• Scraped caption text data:

......

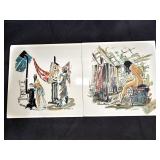 2 Ceramic Tiles: "Rue Impei" and "Painter"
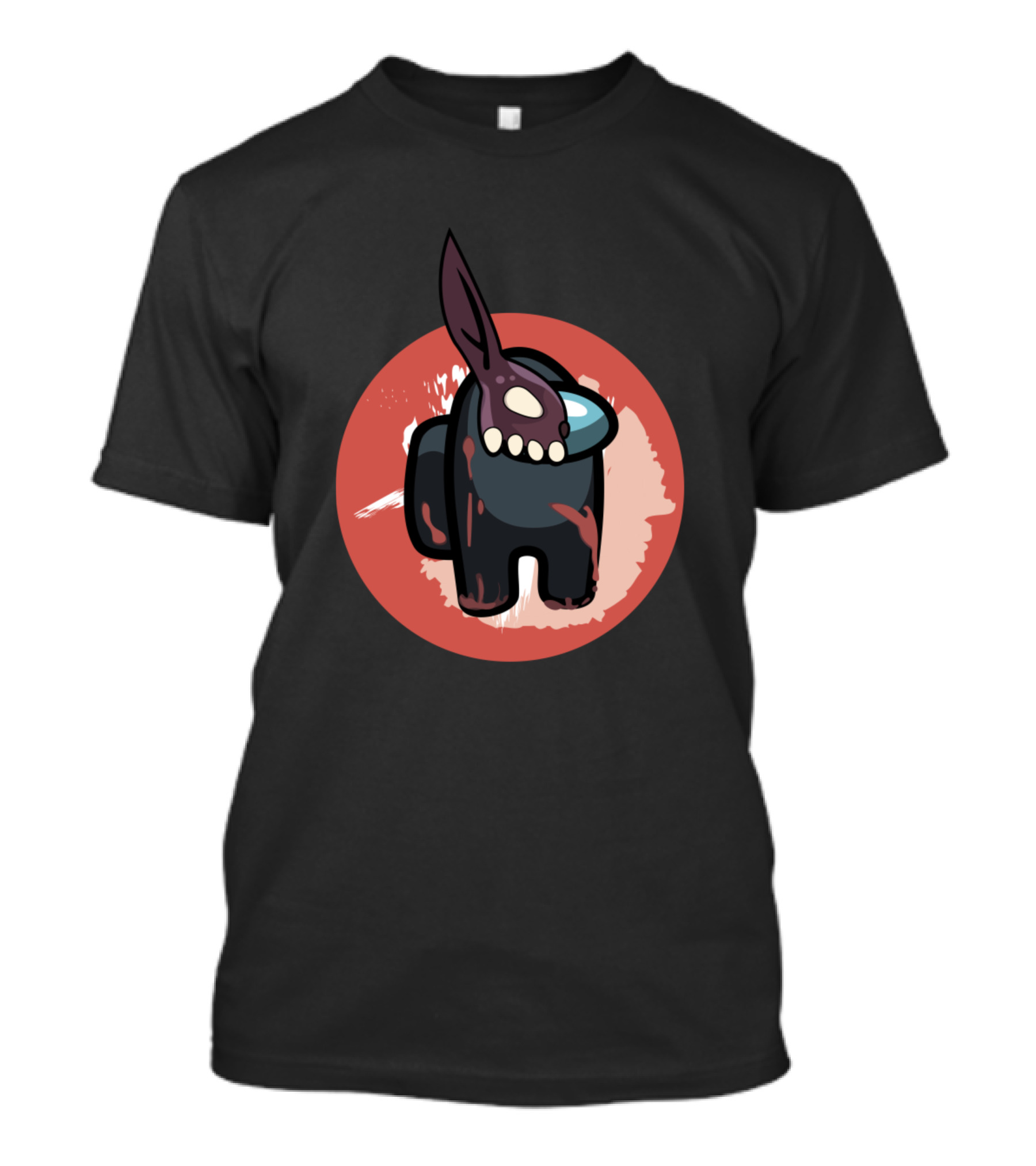 Corpse Husband Among Us Character With Mask And Red Circle Background T-Shirt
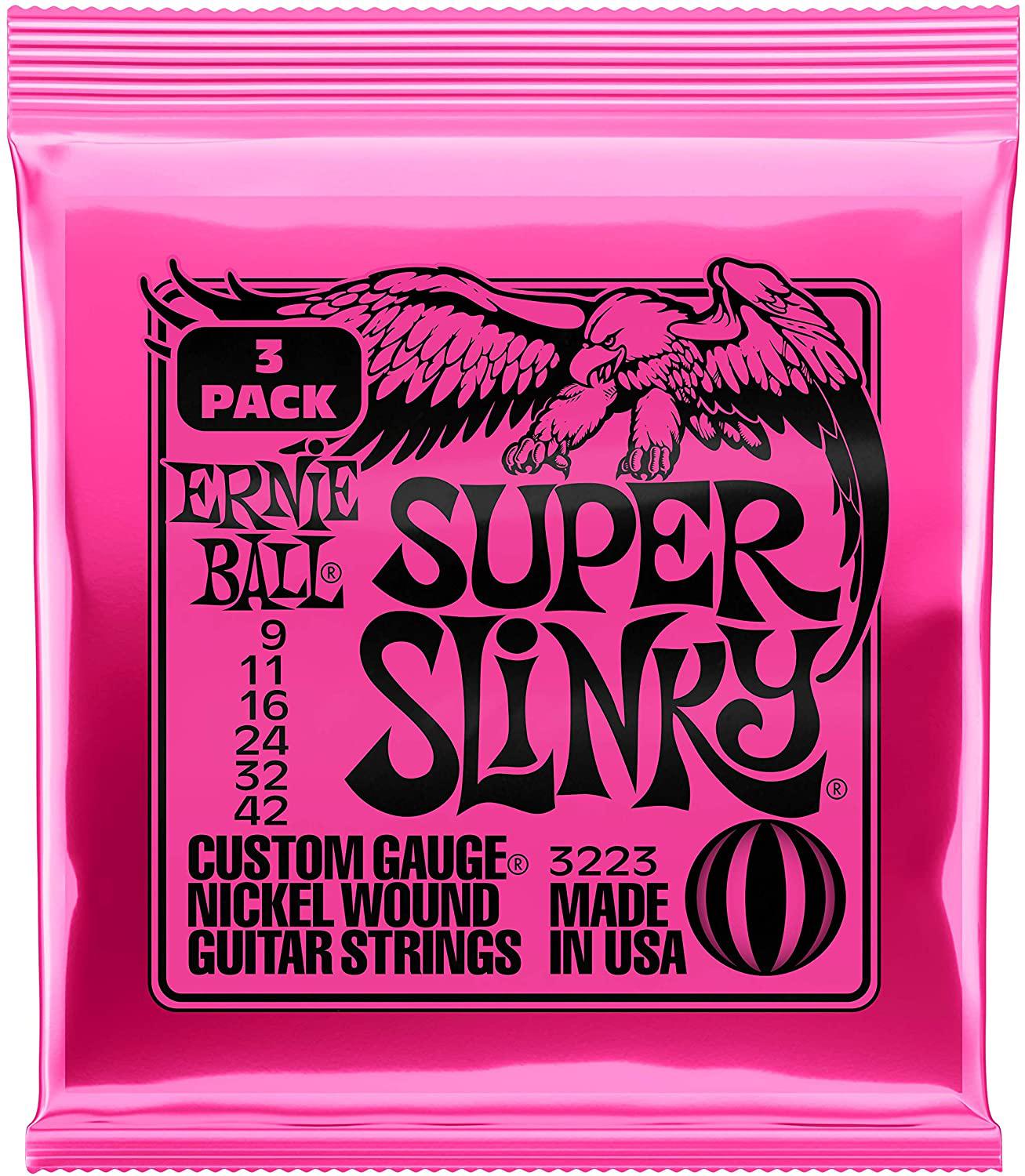 Ernie Ball - 3 sets de Encordados Super Slinky para Guitarra Eléctrica Mod.3223_4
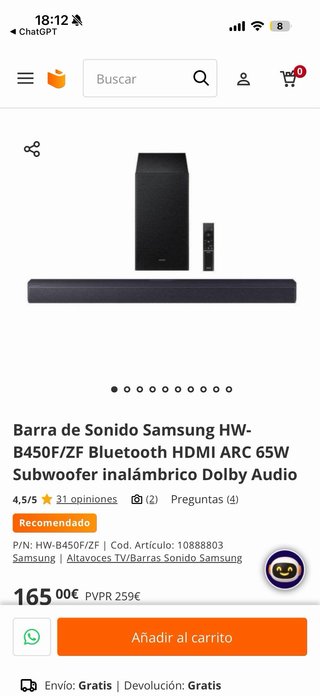 Barra de Sonido Samsung Negra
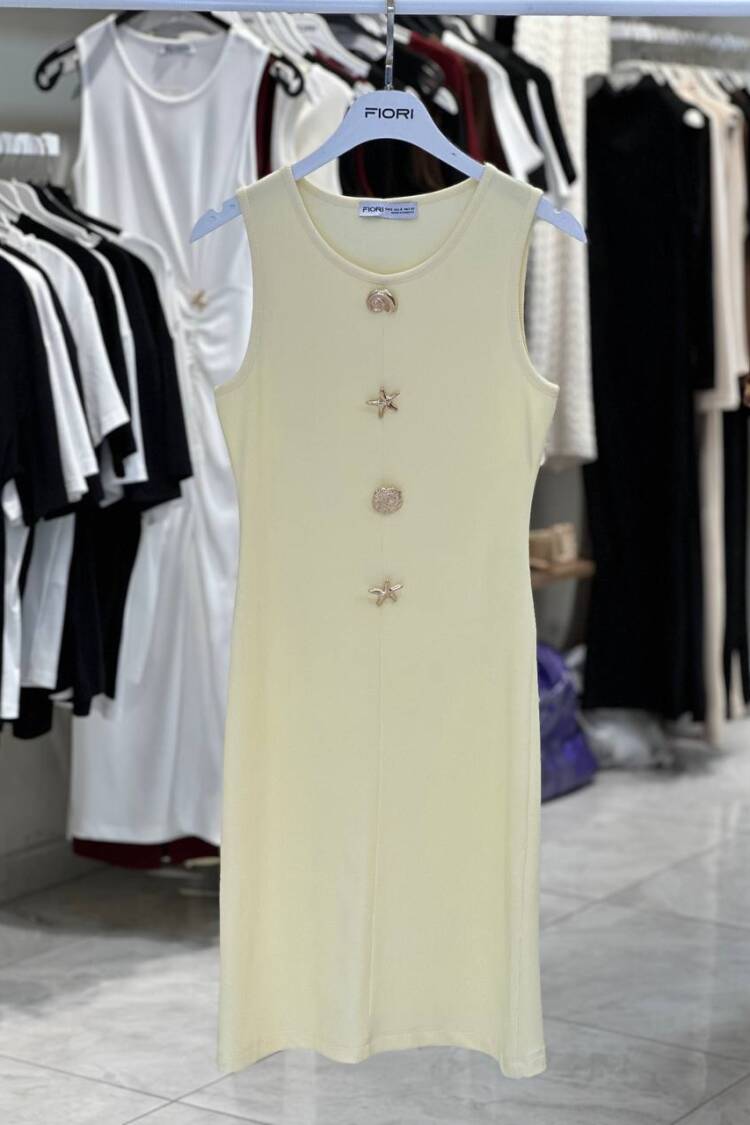 Beige Bodycon Dress With Cap Sleeves - Brand: Fiori - Women's Clothing Wholesale - Globality Store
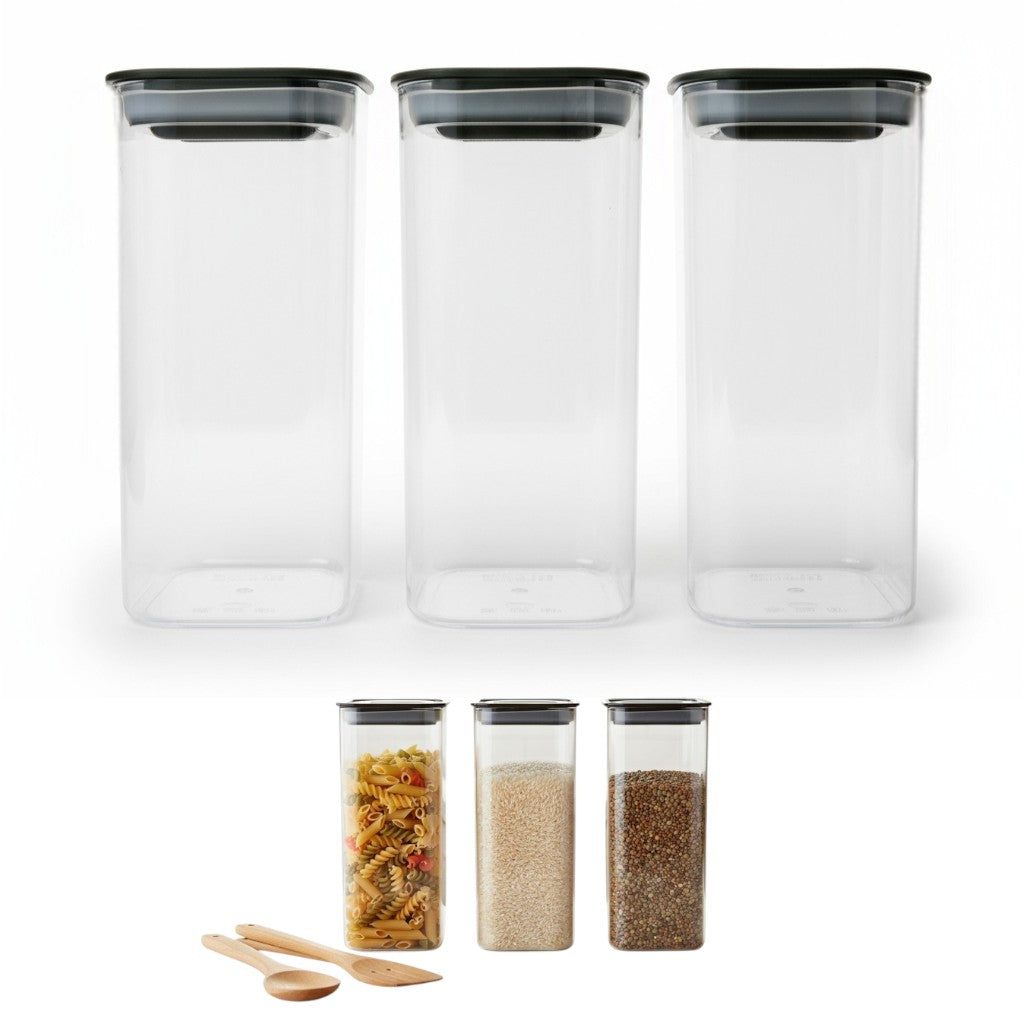 Airtight Food Storage Containers Set (3pcs) – BPA-Free Clear Pantry Jars for Cereal, Grains & Coffee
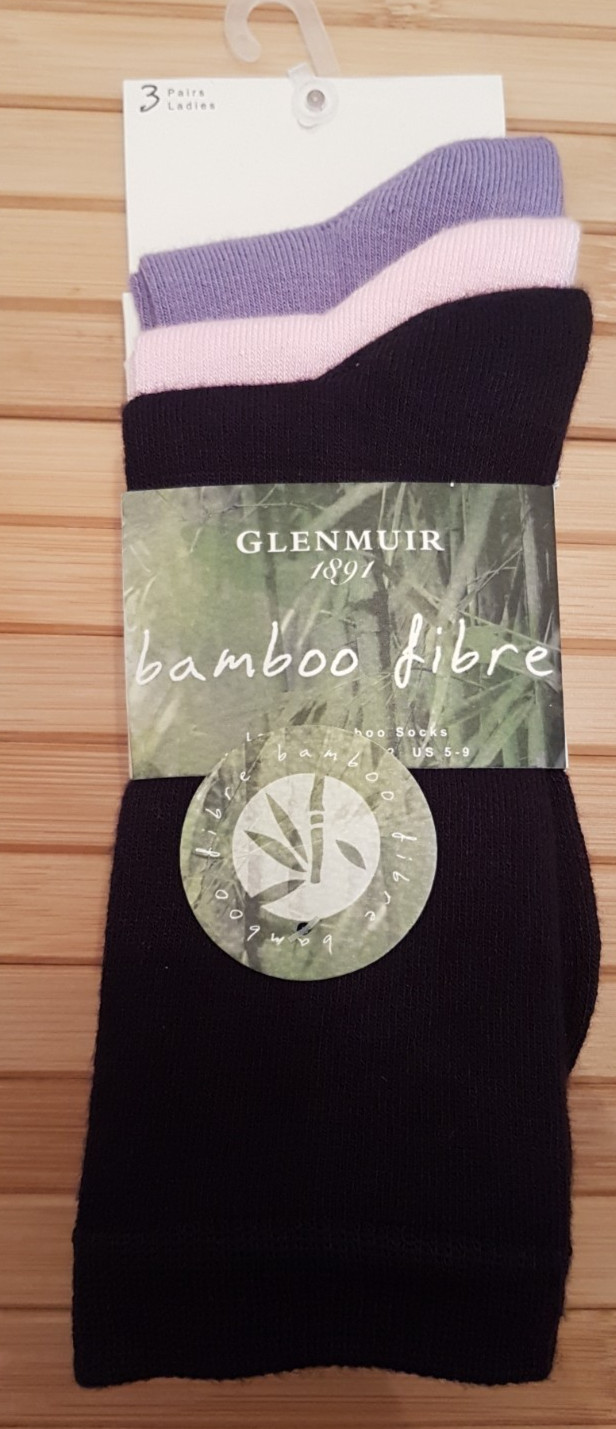 Glenmuir Ladies Bamboo Fibre Socks UK 4 - 8 Pack of 3 pairs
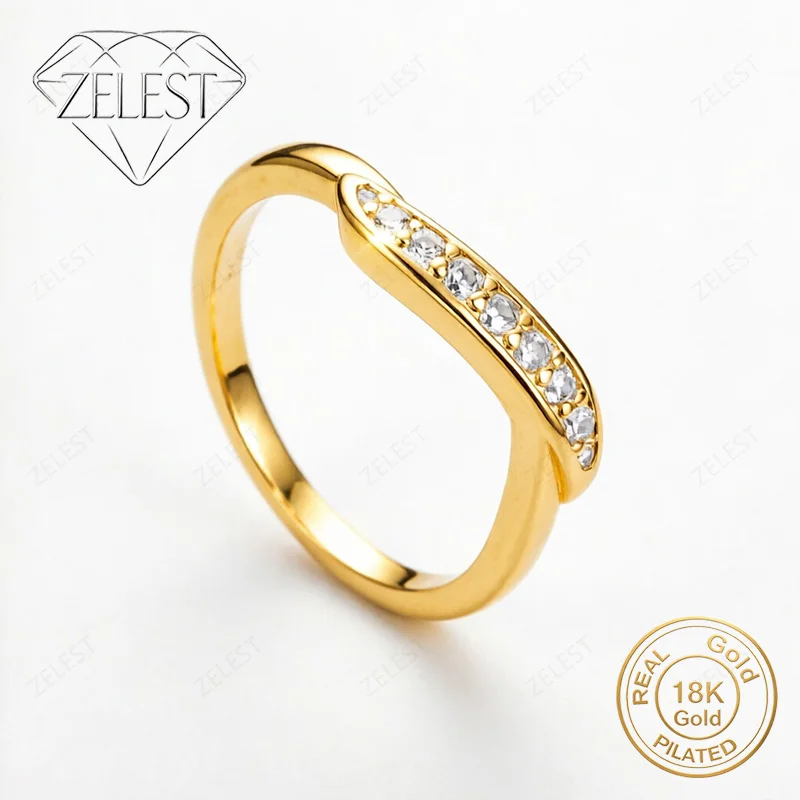 Anillo de Plata de Ley 925 Chapado en Oro de 18K con Circonita de Una Sola Tira - Joyería de Moda para Mujer, Regalo para Fiestas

......

• Work required:
All entries above must be printed again verbatim, with images excluded.

• Finished task:
 2 Ceramic Tiles: "Rue Impei" and "Painter"
 Corpse Husband Among Us Character With Mask And Red Circle Background T-Shirt
 Ernie Ball - 3 sets de Encordados Super Slinky para Guitarra Eléctrica Mod.3223_4
 Barra de Sonido Samsung Negra
 Beige Bodycon Dress With Cap Sleeves - Brand: Fiori - Women's Clothing Wholesale - Globality Store
 Airtight Food Storage Containers Set (3pcs) – BPA-Free Clear Pantry Jars for Cereal, Grains & Coffee
 Glenmuir Ladies Bamboo Fibre Socks UK 4 - 8 Pack of 3 pairs
 Anillo de Plata de Ley 925 Chapado en Oro de 18K con Circonita de Una Sola Tira - Joyería de Moda para Mujer, Regalo para Fiestas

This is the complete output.